A despeito da identidade da temática de fundo, o julgamento tem outras cores pela circunstância de (i) a AVJ não ter sido controlada em subconta nos exatos termos estabelecidos pela legislação tributária, mas mediante controle em subconta de Ajuste de Avaliação Patrimonial Imobilizado (passivo) (ii) e, também, pelo fato de a prova contábil ter comparecido – em caráter de esclarecimento complementar, segundo a decisão – somente após a apresentação do Recurso Voluntário. No caso, a exigência foi cancelada “em prol da verdade material” e sob o fundamento de que a contabilização pelo AVJ sem a verificação da alienação não passa de uma mera expectativa, pertencente “somente ao universo contábil das suas contas patrimoniais”.

É importante ter em mente que os deveres instrumentais se justificam pela praticabilidade. A manutenção do controle em subconta deve ser considerada uma condição para o diferimento do IRPJ/CSLL. Havendo o registro, não há espaço para qualquer tipo de questionamento. Trata-se de um controle que garante o diferimento da tributação decorrente do ganho experimentado pela mensuração a valor justo. No entanto, deixando o contribuinte de efetuar o controle nos moldes previstos na legislação tributária, haverá a inversão do ônus da prova, situação em que caberá ao contribuinte demonstrar, por outros meios, que o ganho ainda não foi realizado, sob pena de perda do direito ao diferimento.

Essa é a correta interpretação que se deve dar para a sanção da regra neutralizadora contida nos artigos 13 e 14 da Lei nº 12.973 de 2014, à luz dos limites contidos no artigo 43 do CTN (que define o fato gerador do imposto de renda), bem como com base na noção de que a obrigação de pagar tributo somente surge com a ocorrência do fato gerador, consoante artigo 113 do CTN.

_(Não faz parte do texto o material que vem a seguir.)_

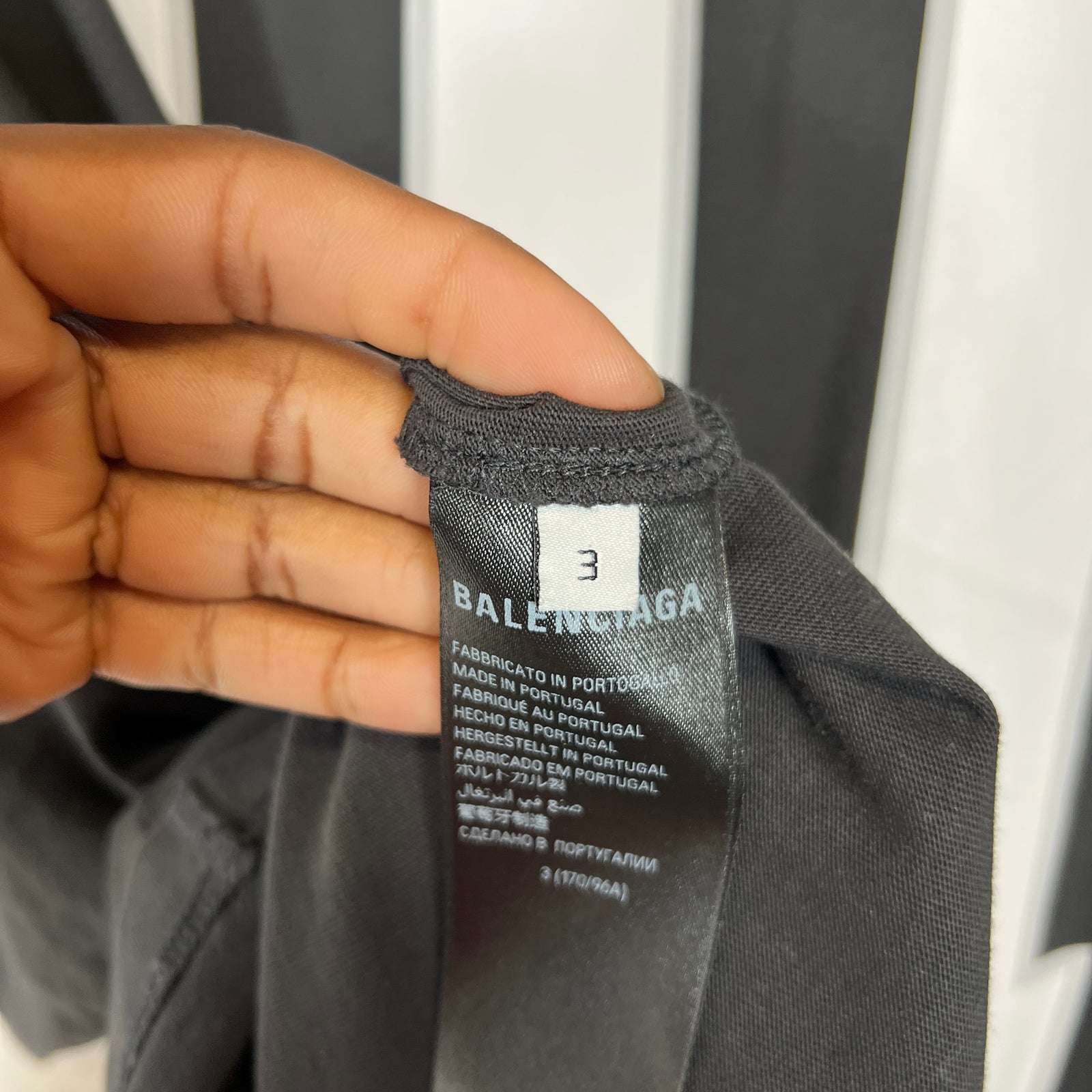 Balenciaga Grey Basketball T-shirt Size 3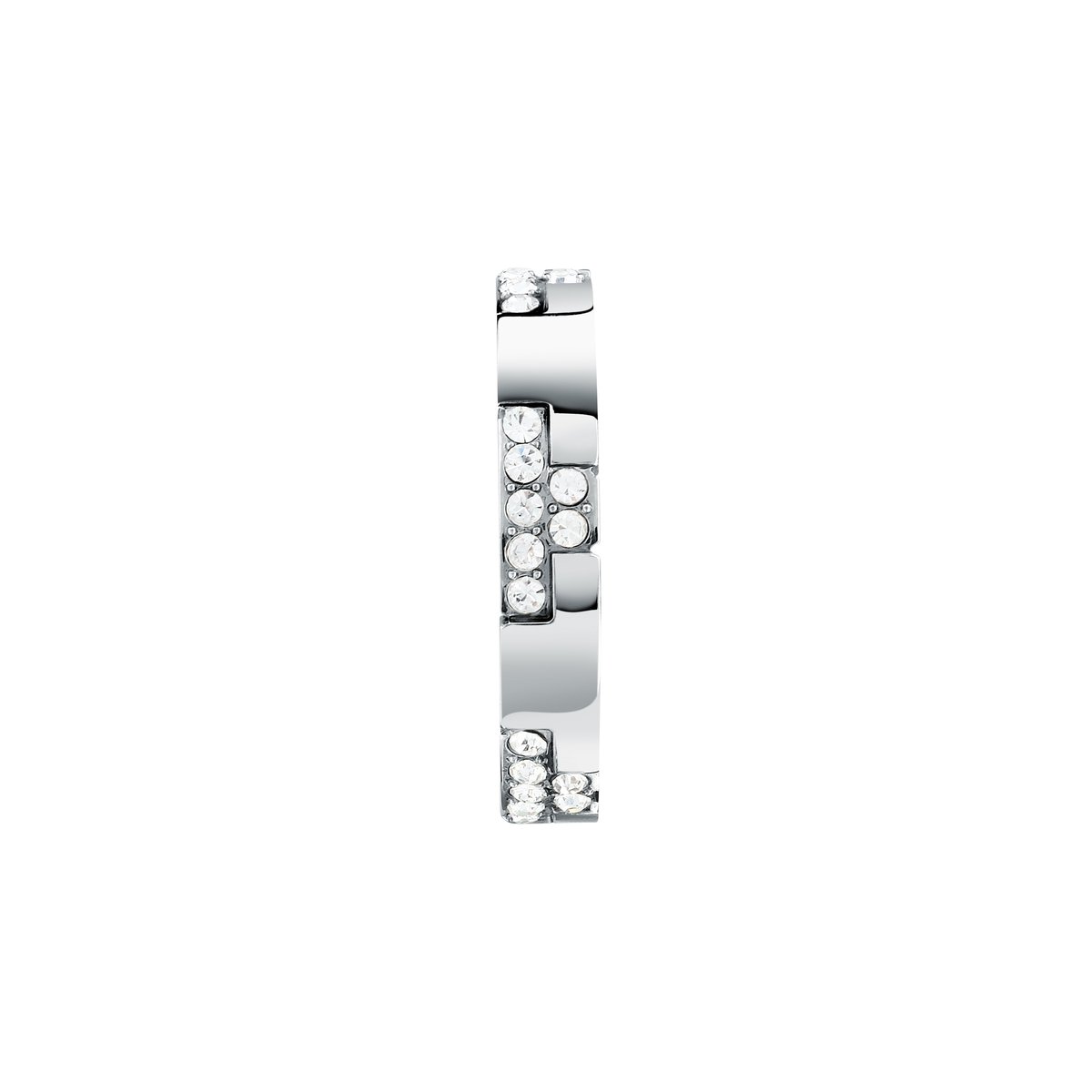 Bague T-LOGO acier inoxydable, TRUSSARDI
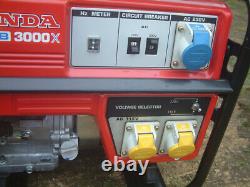 Honda EB3000X Portable Petrol Generator 3.5KVA 110v/240v Outputs- New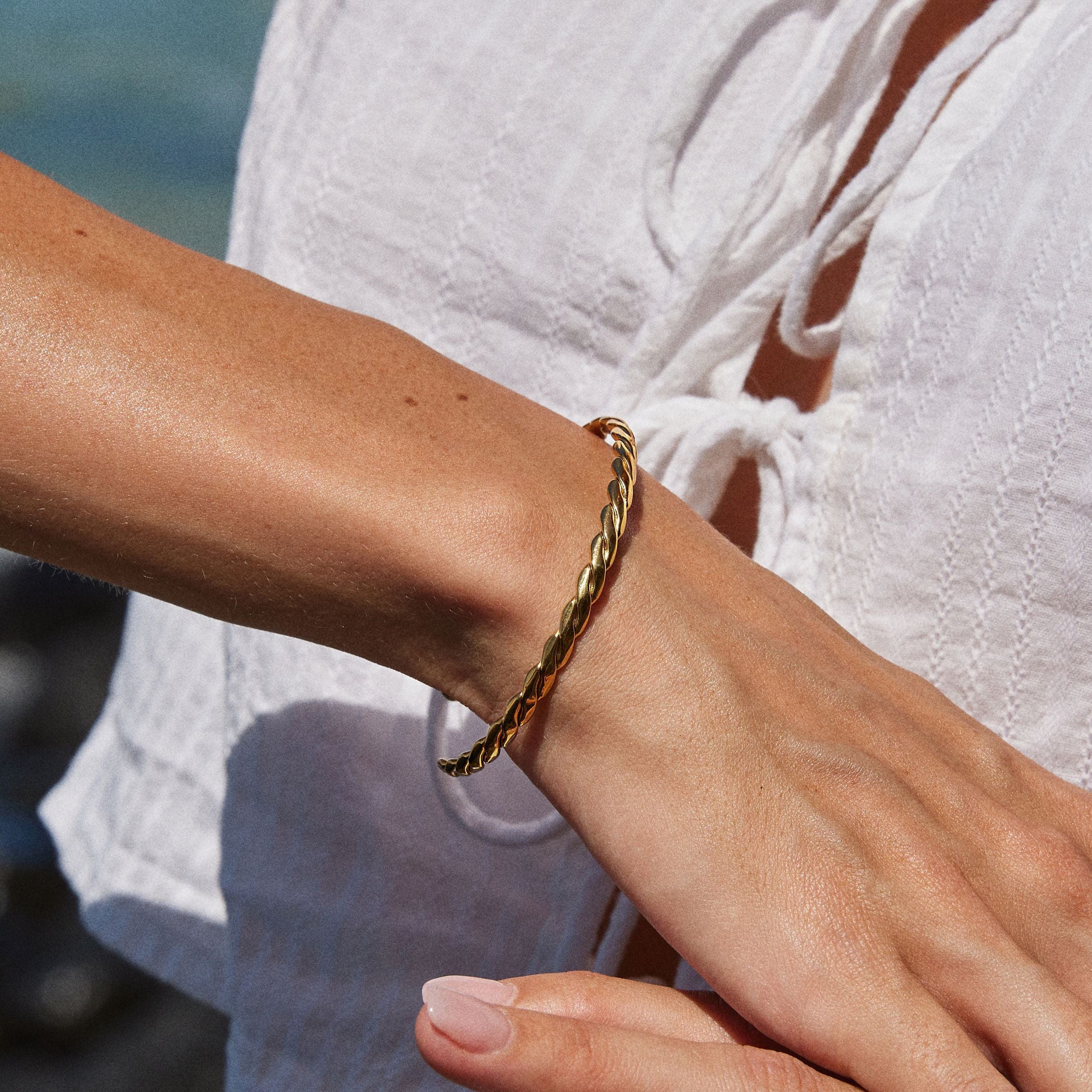 Twisted Gold Cuff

[1] MARTINS, Eliseu. Ensaio sobre a Evolução do Uso das Características do Valor Justo. In MOSQUEIRA, Roberto Quiroga e LOPES, Alexsandro Broedel. Controvérsias Jurídico-Contábeis (Aproximações e Distanciamentos). Dialética. São Paulo, 2010, pp. 138-141.

[2] PINTO, Alexandre Evaristo. Avaliação a Valor Justo e a Disponibilidade Econômica de Renda. In: Roberto Quiroga Mosqueira e Alexsandro Broedel Lopes (coords.) Controvérsias Jurídico-Contábeis: Aproximações e Distanciamentos: Dialética, 2015. 6º vl, p. 27.

[3] MALPIGHI, Caio Cezar Soares. O Princípio da Realização da Renda e a Avaliação a Valor Justo na Operação de Redução de Capital com Entrega de Ativos aos Sócios ou Acionistas. Revista Direito Tributário Atual, n.45. p. 113-135. São Paulo: IBDT, 2º semestre 2020. Quadrimestral.

[4] Neste sentido, Brandão Machado arremata que “fato gerador do imposto de renda é a aquisição da disponibilidade econômica ou jurídica de acréscimos de direitos reais ou pessoais.” (MACHADO, Brandão. Breve exame do art. 43 do CTN. In: MARTINS, Ives Gandra da Silva (coord.). Imposto de Renda: conceitos, princípios, comentários. São Paulo: Atlas, 1996, p. 101)

[5] MALPIGHI, Caio Cezar Soares. O Princípio da Realização da Renda e a Avaliação a Valor Justo na Operação de Redução de Capital com Entrega de Ativos aos Sócios ou Acionistas. Revista Direito Tributário Atual, n.45. p. 113-135. São Paulo: IBDT, 2º semestre 2020. Quadrimestral.